Il fuoco è la massa dei corpi che si consumano all’infinito nel presente. Tra queste due masse che si ingrossano eternamente, evocati dalle tenebre del passato e dalla sfera materna della storia, i soggetti di La Tour si avvicinano alla fiamma come minuscoli spettri infreddoliti, e, prima di venire risucchiati nel buio, in assoluta solitudine, sospendono per un baleno il continuo e terribile commercio tra le due masse. I quadri di La Tour sembrano consegnarci questa lezione d’oblio: il tocco dell’estraneo – l’evento – non ci sfiora dal futuro che genera, poiché il possibile ignoto ci tocca soltanto quando il presente, senza saperlo, esaudisce la supplica che il passato gli ha consegnato; quando le reciproche solitudini di chi è stato e di chi ancora rimane si toccano per un istante.

Riferimenti bibliografici
M. Blanchot, La conversazione infinita.

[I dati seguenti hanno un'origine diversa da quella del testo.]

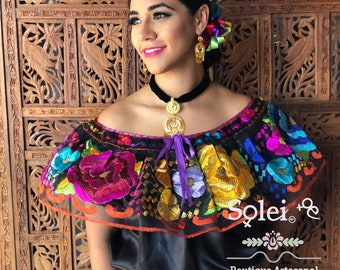 Hand Embroidered Chiapaneca Blouse. Colorful Mexican Blouse. Traditional Mexican Blouse. Floral Mexican Top. Off the Shoulder Blouse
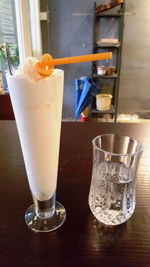 Close-up of beer glass on table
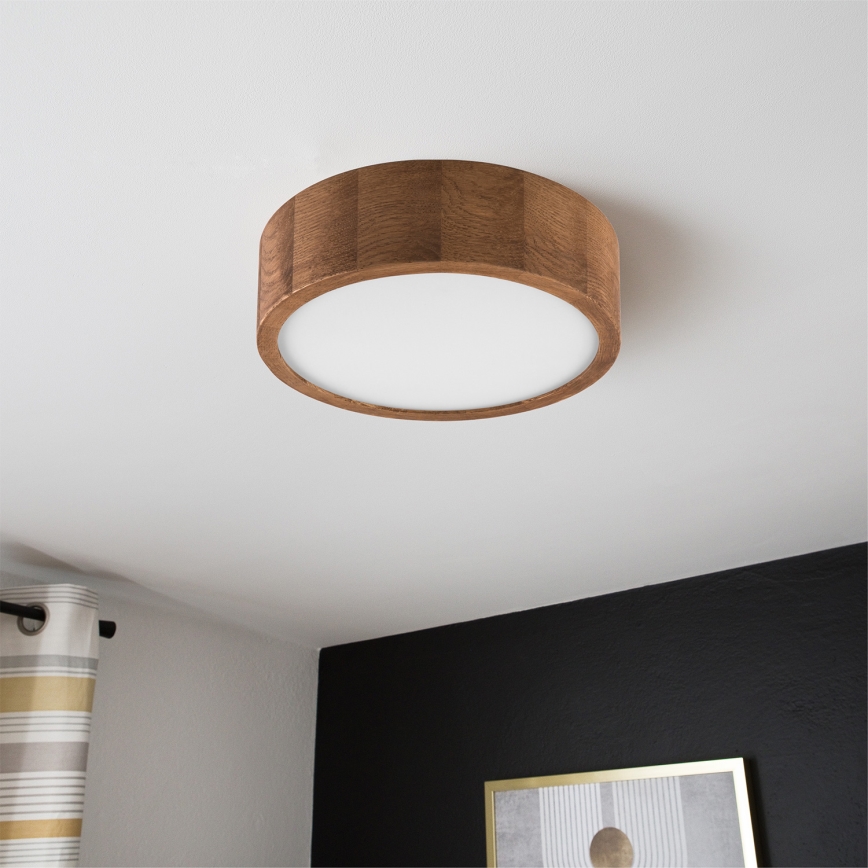 Brilagi - LED RGBW Stmievateľné stropné svietidlo CARVALHO 1xE27/9W/230V 2700-6500K Wi-Fi dub pr. 27,5 cm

Scritti sull’«insensato gioco di scrivere», Einaudi, Torino 2015.
E. Canetti, Massa e Potere, Adelphi, Milano 2015.
F. Cappelletti, T. C. Salomon, a cura di, Georges de La Tour. L’Europa della luce, Skira, Milano 2020.
P. Michon, Gli undici, Adelphi, Milano 2018.
P. Quignard, George de La Tour, Flohic, Parigi 1991.

Georges de La Tour, L’Europa della luce, a cura di F. Cappelletti e T.C. Salomon, Palazzo Reale, Milano 28 maggio – 27 settembre 2020.